(Short web captions)
%%
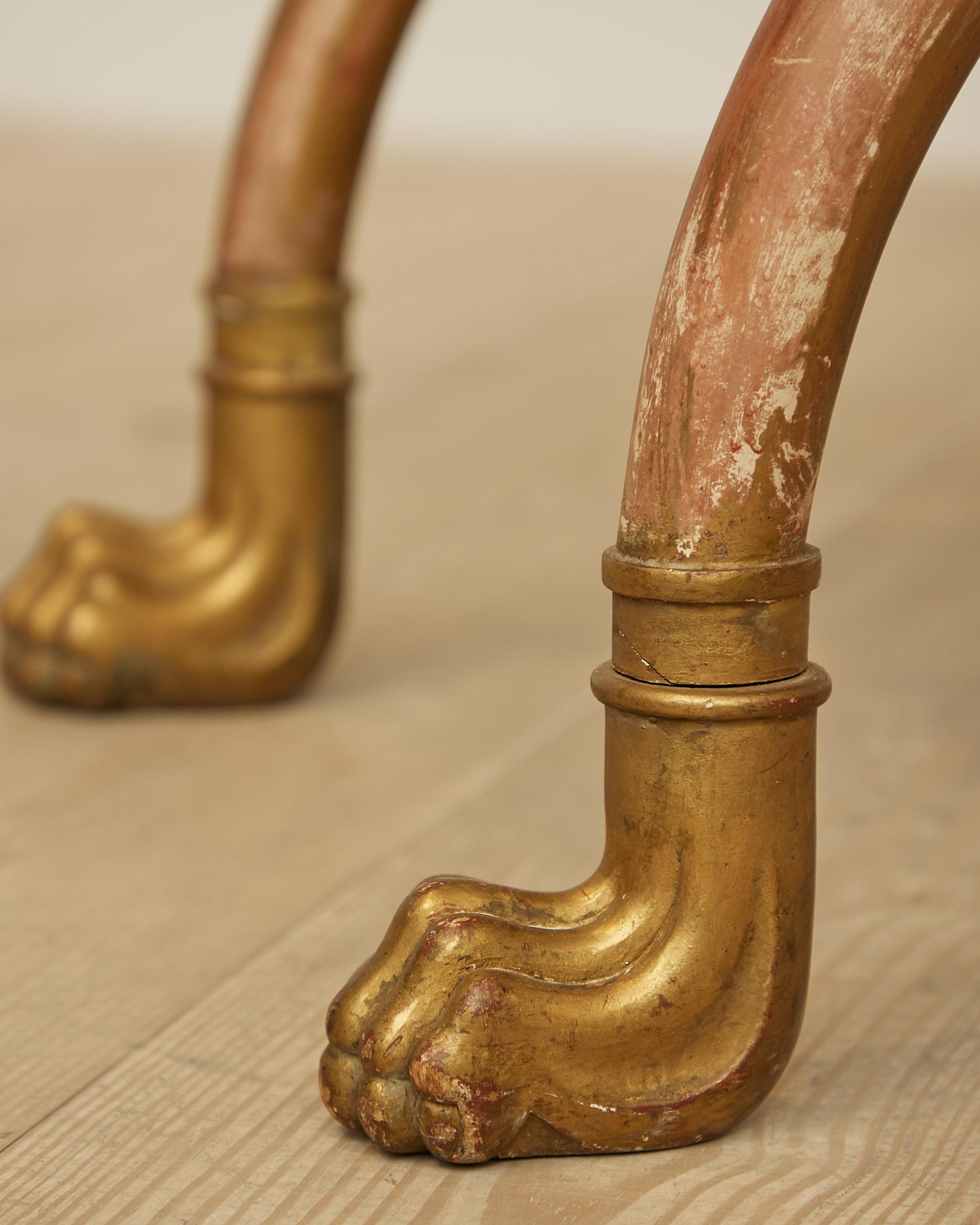 Sgabello Impero con teste di leone in legno dorato e piedi a zampa, Svezia, 1810 circa in vendita 6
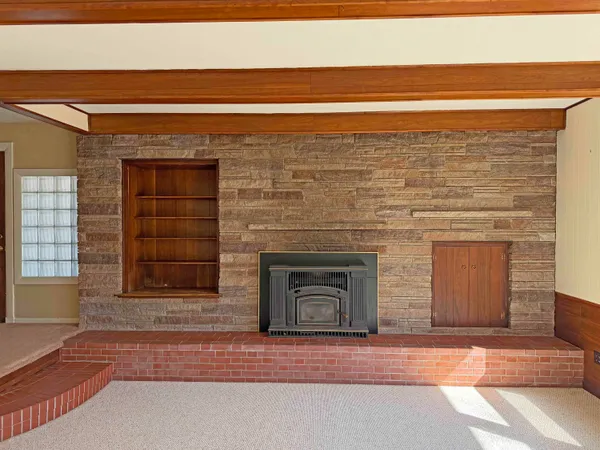 $559,000 | 685 Main Road, Holden, ME 04429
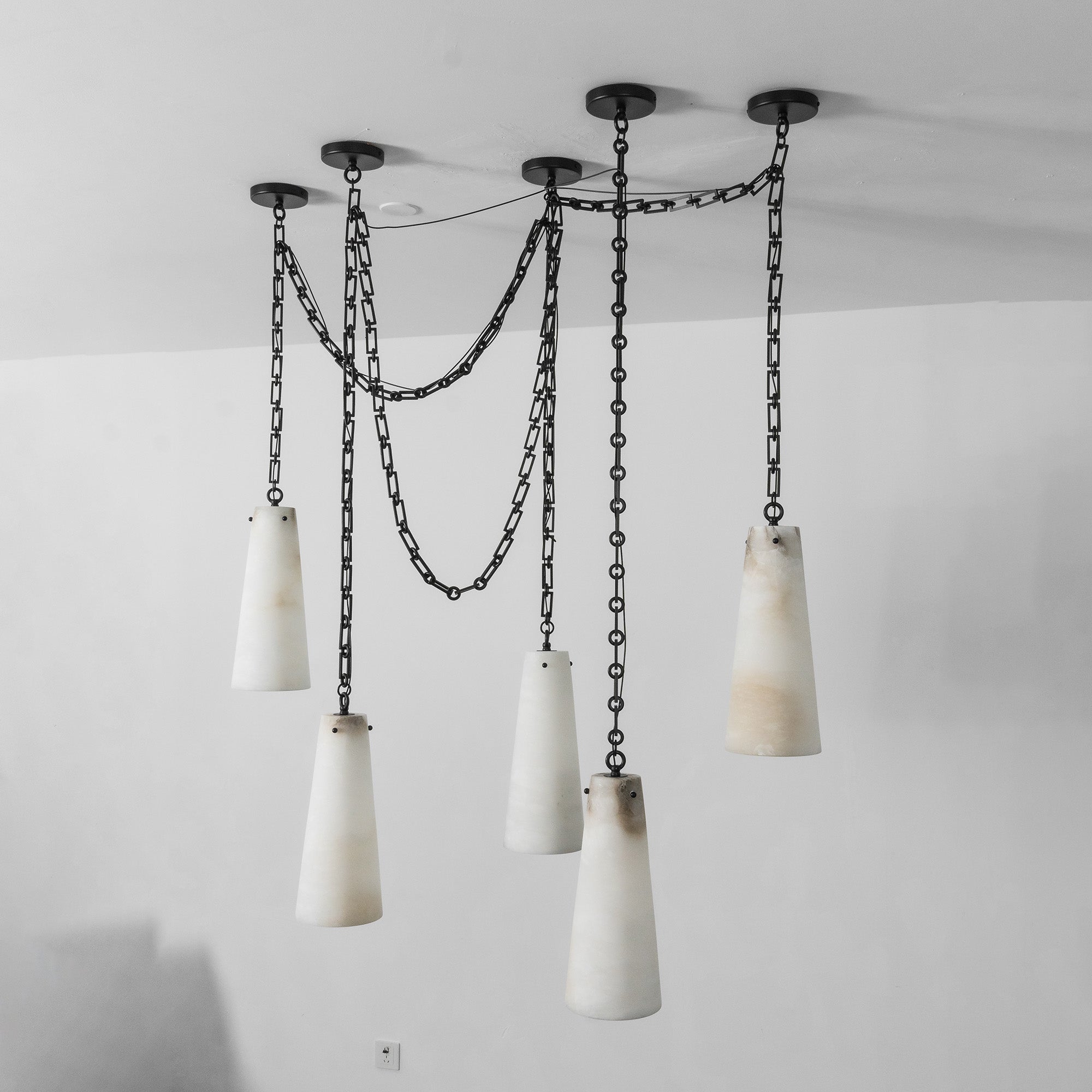 Avenaiel Chandelier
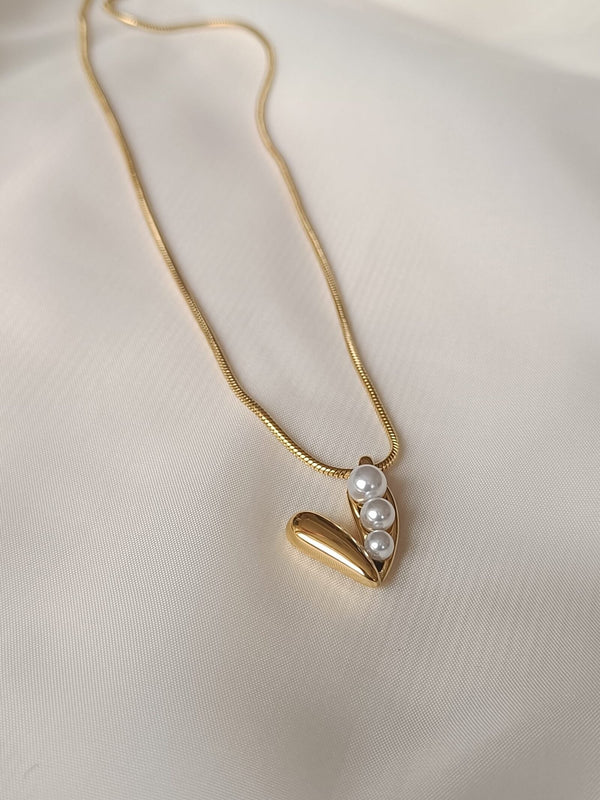 Princy Pearl Heart Necklace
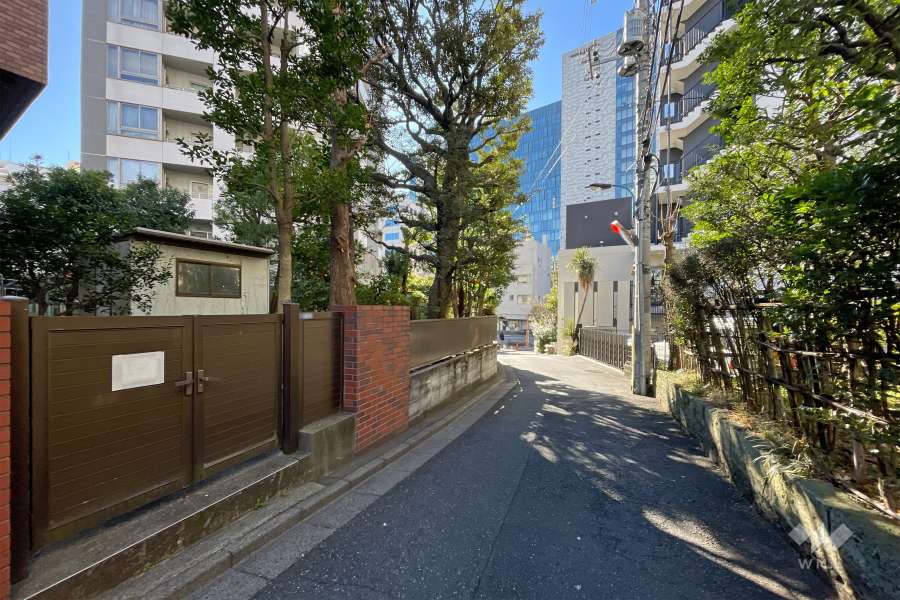 敷地西側の前面道路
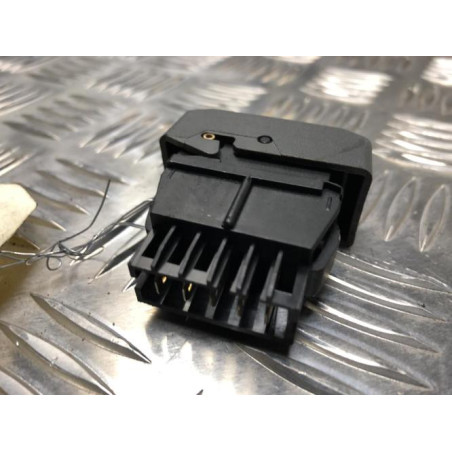 Commande degivrage lunette arriere RENAULT CLIO 1 PHASE 3 d’occasion
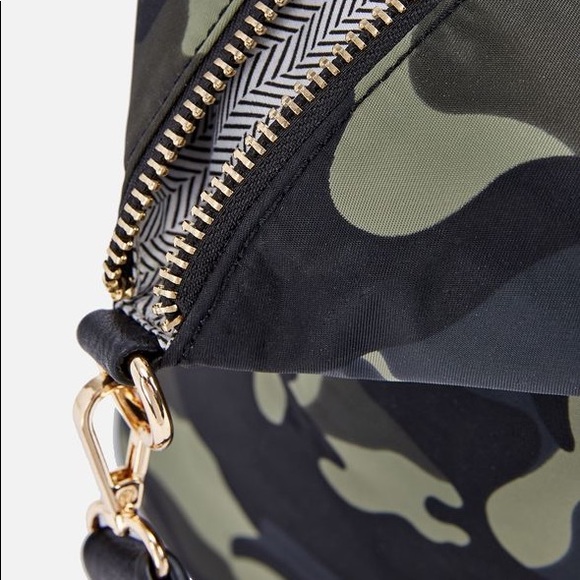 Camp Weekender Bag - Picture 2 of 4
%%
▶ **TASK TO CARRY OUT**:
Would you print all the entries again exactly, minus any pictures?

▶ **ANSWER BELOW**:
 Sgabello Impero con teste di leone in legno dorato e piedi a zampa, Svezia, 1810 circa in vendita 6
 $559,000 | 685 Main Road, Holden, ME 04429
 Avenaiel Chandelier
 Princy Pearl Heart Necklace
 敷地西側の前面道路
 Commande degivrage lunette arriere RENAULT CLIO 1 PHASE 3 d’occasion
 Camp Weekender Bag - Picture 2 of 4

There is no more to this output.